Ketua Ganas Annar, Zulfahmi, J., M.Psi., menegaskan bahwa upaya pencegahan dan penanggulangan penyalahgunaan narkotika harus dilakukan secara menyeluruh, terutama terhadap generasi muda yang sedang menjalani pembinaan.
“Sinergi dengan LPKA Kelas II Pekanbaru merupakan langkah strategis untuk menghadirkan pembinaan yang menyentuh aspek mental, spiritual, psikologis, dan sosial. Kami ingin memberikan harapan baru bagi anak binaan agar memiliki masa depan yang lebih baik dan tidak kembali terjerumus dalam penyalahgunaan narkotika maupun perilaku yang melanggar hukum,” ujar Zulfahmi.
Melalui kolaborasi tersebut, MUI dan Ganas Annar akan menghadirkan berbagai program pembinaan, seperti penyuluhan bahaya narkoba, pembinaan keagamaan, konseling psikologi, penguatan karakter, serta kegiatan edukatif yang mendukung tumbuh kembang anak binaan.

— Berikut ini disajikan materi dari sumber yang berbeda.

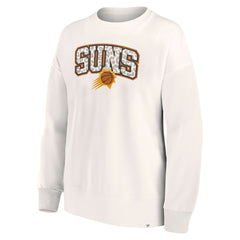 Phoenix Suns Women's Tonal Leopard Pullover Sweatshirt Discount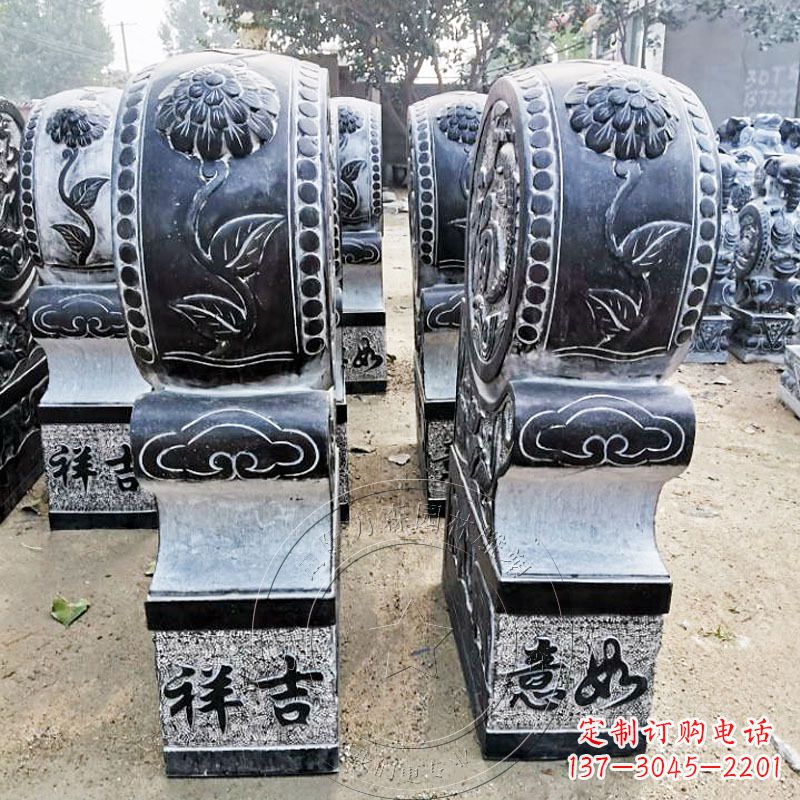 淮安古典门墩雕塑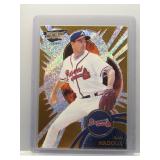 Greg Maddux 1999 Pacific Gold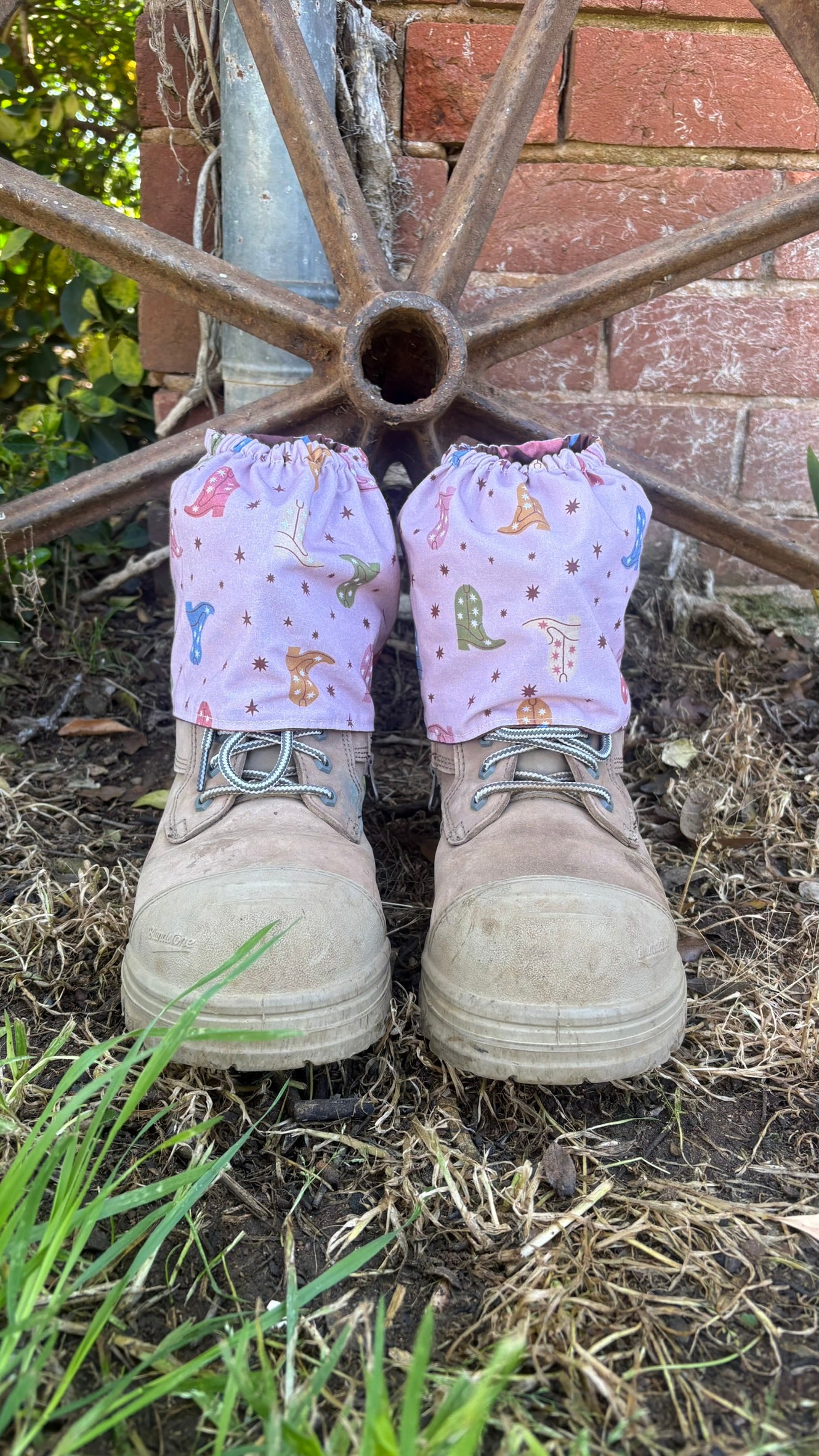 Reversible Sock Savers – Cowgirl (Adults)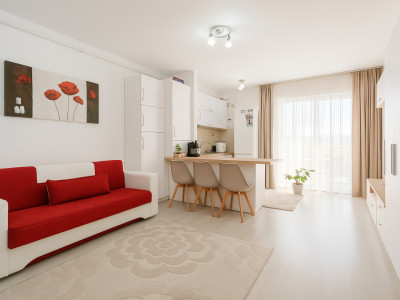 Apartament la etaj intermediar 2 camere balcon si parcare Magnolia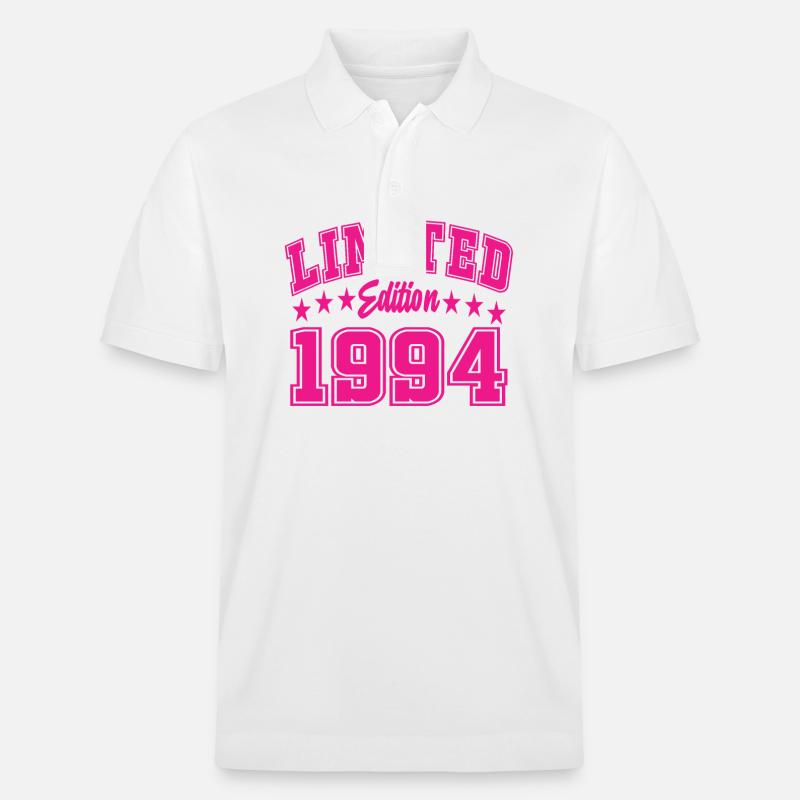 Édition limitée 1994 - Polo PREPSTER bio Stanley/Stella Unisexe - blanc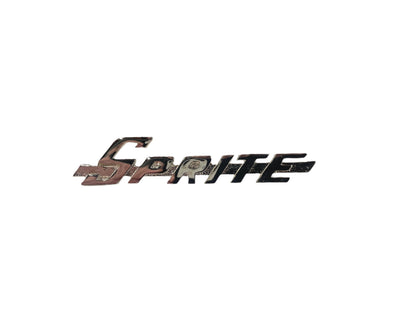Trunk "Sprite" Emblem with clips (MkII)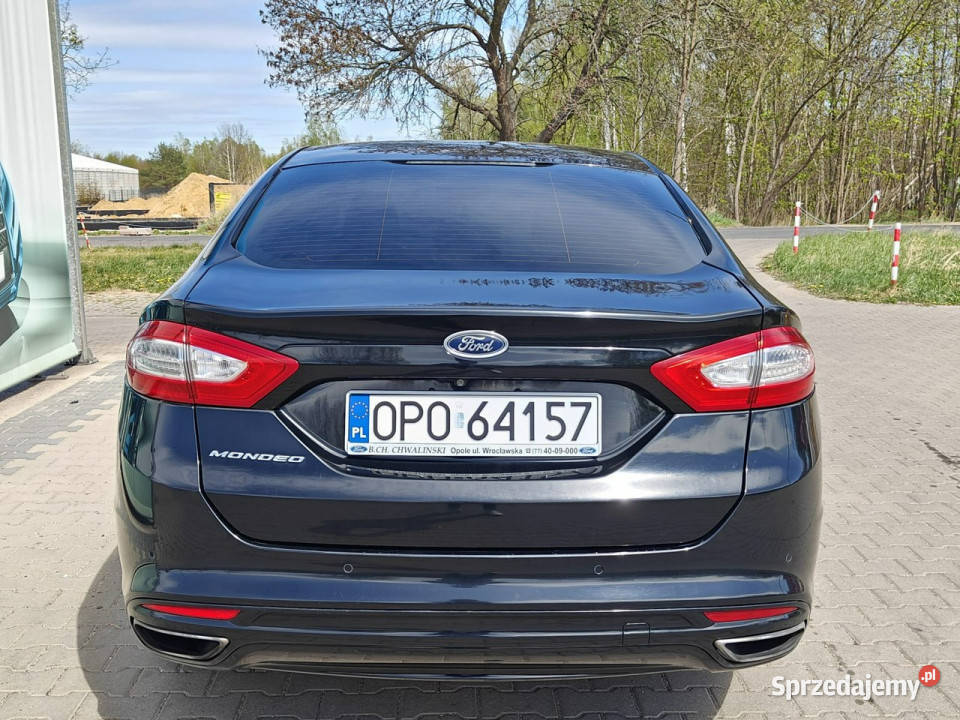 Ford Mondeo 203 Bogate wyposażenie Mk5 2014 system Start-Stop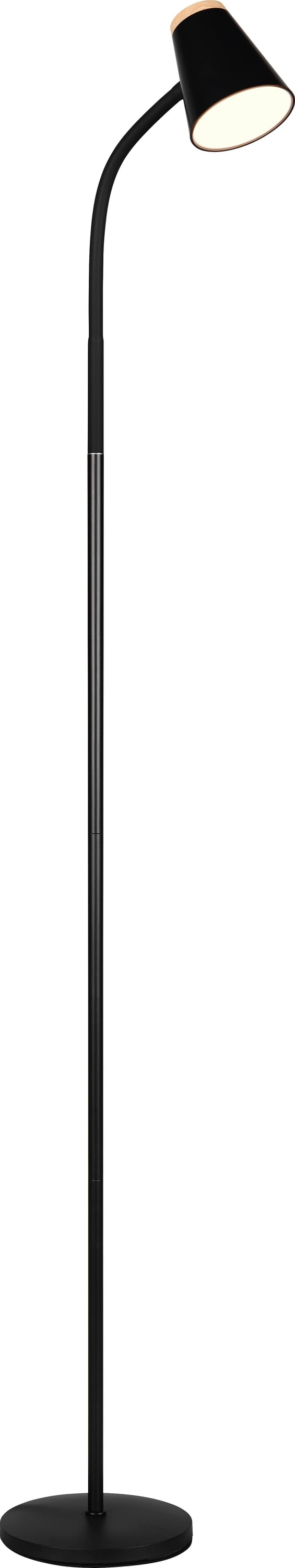 REALITY LED-Stehleuchte PONGO, R45831102, 4,5W, 500lm, 3000K, schwarz REALITY LED-Stehleuchte PONGO, R45831102, 4,5W, 500lm, 3000K, schwarz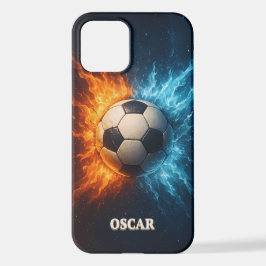 Personalised Sports/Soccer iPhone 12 Case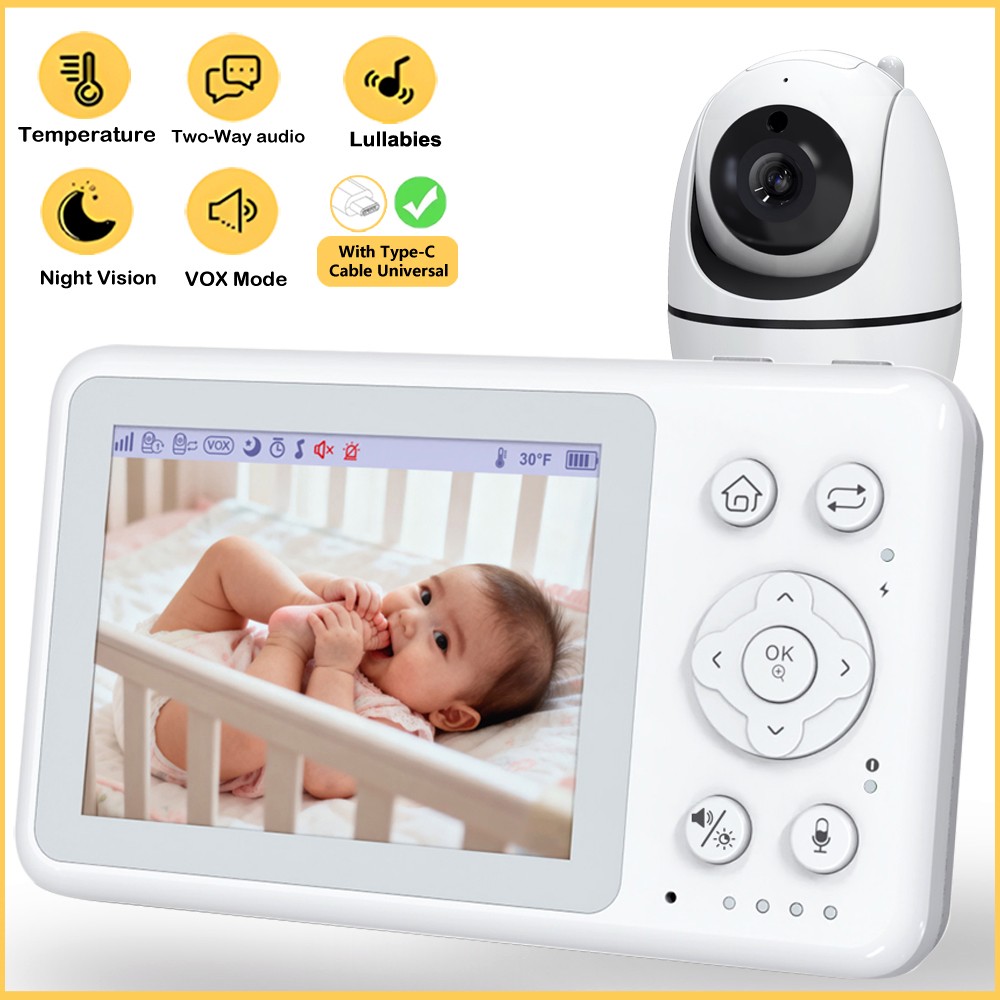 จอ LCD วิดีโอเบบี้มอนิเตอร์ 3. - Home Cinema Wireless บทวิจารณ์และราคา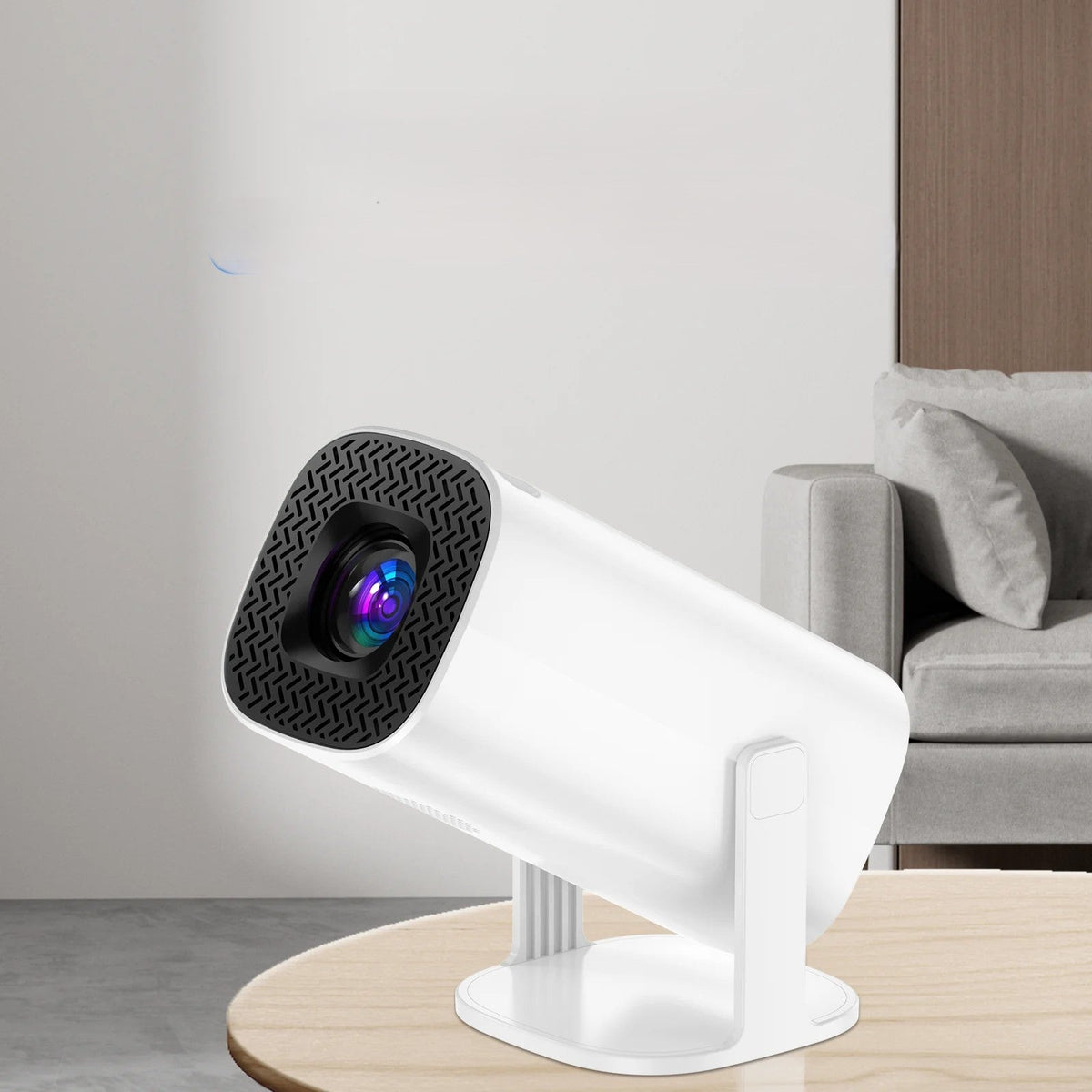 Sikunuo | Smart Mini Android 4K Support Home Cinema Projector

Ketua Bidang Rehabilitasi dan Konseling Ganas Annar, Indra Tanjung, menambahkan bahwa proses rehabilitasi dan pembinaan harus mampu membangun kembali rasa percaya diri, kedisiplinan, serta semangat anak binaan untuk meraih masa depan yang lebih cerah.
“Setiap anak memiliki kesempatan untuk berubah. Melalui pendampingan yang tepat, mereka dapat tumbuh menjadi generasi yang produktif, berakhlak, dan mampu memberikan kontribusi positif bagi masyarakat. Sinergi dengan LPKA Kelas II Pekanbaru menjadi langkah nyata dalam menghadirkan pembinaan yang berkelanjutan,” katanya.
Kolaborasi antara MUI, Ganas Annar, dan LPKA Kelas II Pekanbaru diharapkan menjadi model pembinaan yang komprehensif dalam membentuk karakter anak binaan, memperkuat proses reintegrasi sosial, serta mendukung terciptanya generasi muda yang sehat, berintegritas, dan bebas dari penyalahgunaan narkotika.